Incidents/20110926-s5switchover

What

Database master (S5) switchover caused outage at 22:41 UTC for about 10 minutes.

Cause

Our master switch scripts start off with the following:

set the old (still current) master to read-only
in the case of MasterSwitch.php, kill queries on the old master running for more than 10 seconds
in the case of both sets of switch scripts, run "flush tables" against it, to ensure that pending transactions are committed. Unless sql_bin_log is disabled for a session, running "flush tables" on a master is replicated to the slaves.

When Asher was performing the S5 master db switchover, there were three particularly long running queries on db44, one of the two dewiki slaves. Each was a ~11 hour long query and those queries come with the same values in the 'where' clause. It should be returning the same 684 rows each time after apparently examining ~100 billion (!).

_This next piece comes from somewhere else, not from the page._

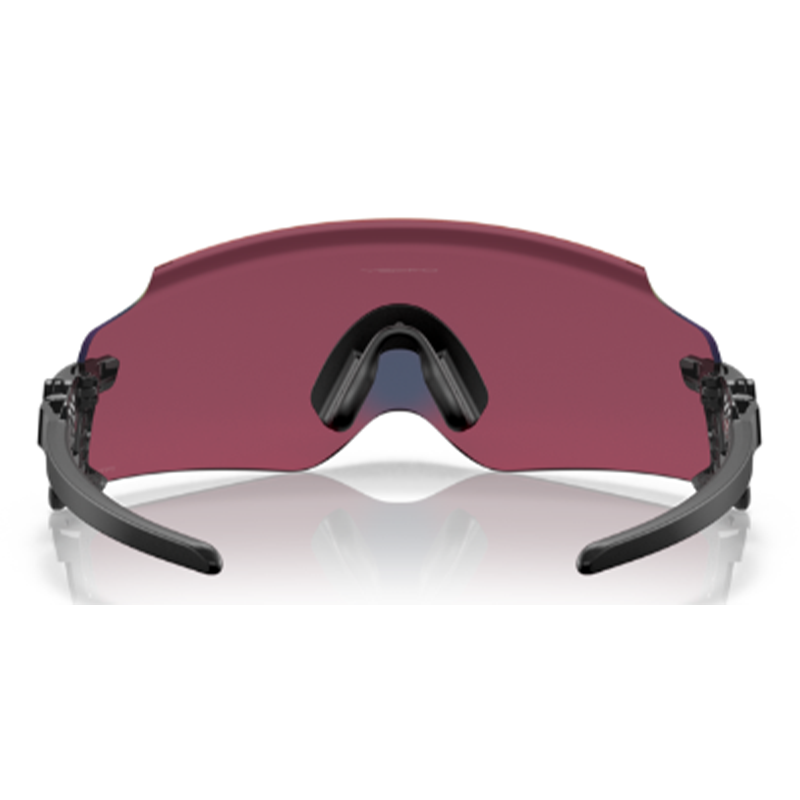Oakley Sutro Prizm Sport Sunglasses Unisex for Driving, Running, Cycling & Outdoor KATO 9455M 圖 20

When flush tables ran on this host, it locked all tables and essentially hung there, waiting for the multi-hour temp table writes to complete. MySQL will still happily accepting connections and queries, which are queued up "waiting for table" status.

Impact

A large number of apache workers were tied up by sending blocked queries to this db, resulting in the actual site outage. A bug in MySQL prevented 'flush tables' cannot truly be killed directly (http://bugs.mysql.com/bug.php?id=44884). The site was restored only after sending to that host a sigterm, which prevented it from accepting additional incoming connections and killing everything off. MySql on db43 was then restarted, and the rest of the replication changes went smoothly.

Mitigation

Need to modify the switch scripts to prevent the "flush tables" statement on the master from replicating, as well as automated killing of long running queries on the slaves (instead of just the old master) should prevent a recurrence of this scenario.